The Soviet Union may be a thing of the past, but its domain isn’t. Think of it as a clubhouse for the new Russian kleptocracy.
.SU, assigned to the then-Union of Soviet Socialist Republics (U.S.S.R.) in 1990, a year before its dissolution, is now a refuge for criminal hackers, according to the AP’s Raphael Satter.
The domain has “turned into a haven for hackers who’ve flocked to the defunct superpower’s domain space to send spam and steal money.”
The migration to .SU began in 2011, when the officials overseeing Russia’s .RU domain tightened their rules.

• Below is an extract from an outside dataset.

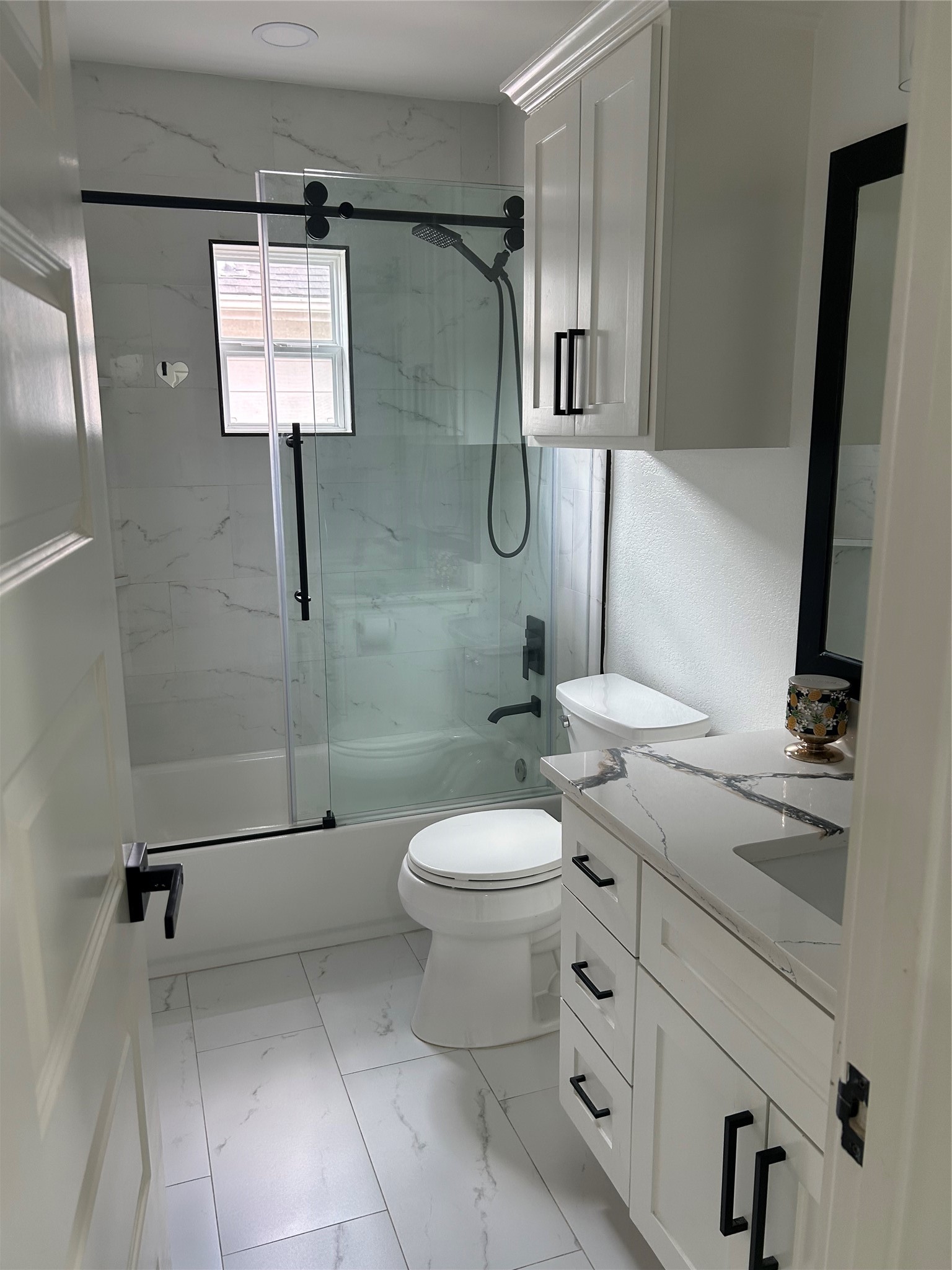 16346 St Helena Way Houston, TX 77053 - Photo 26 of 33 SECOND BATH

Group-IB, a Russian Internet watchdog agency has found the number of malicious websites hosted on .SU doubled that year, then again in 2012, “surpassing even the vast number of renegade sites on .ru and its newer Cyrillic-language counterpart.” Perhaps the most well-known site is Exposed.su, which allegedly published credit records belonging to Michelle Obama, Mitt Romney, Donald Trump, Beyonce, and others.
The is also a host for botnets.
Group-IB’s Andrei Komarov told Satter, “In my opinion more than half of cybercriminals in Russia and former USSR use it.”
Why even retain the domain? Patriotism. The Soviet Union is looked on by some as a paradise, a memory palace that still provides a refuge from the very kleptocracy whose parasites thrive on the body of .SU.
Sergei Ovcharenko, the director of .SU domain development at Moscow’s Foundation for Internet Development, has aknowledged the weaknesses in Russian legislation that allows such activity, but insists that, just as .RU saw tighter regulations, so too will .SU.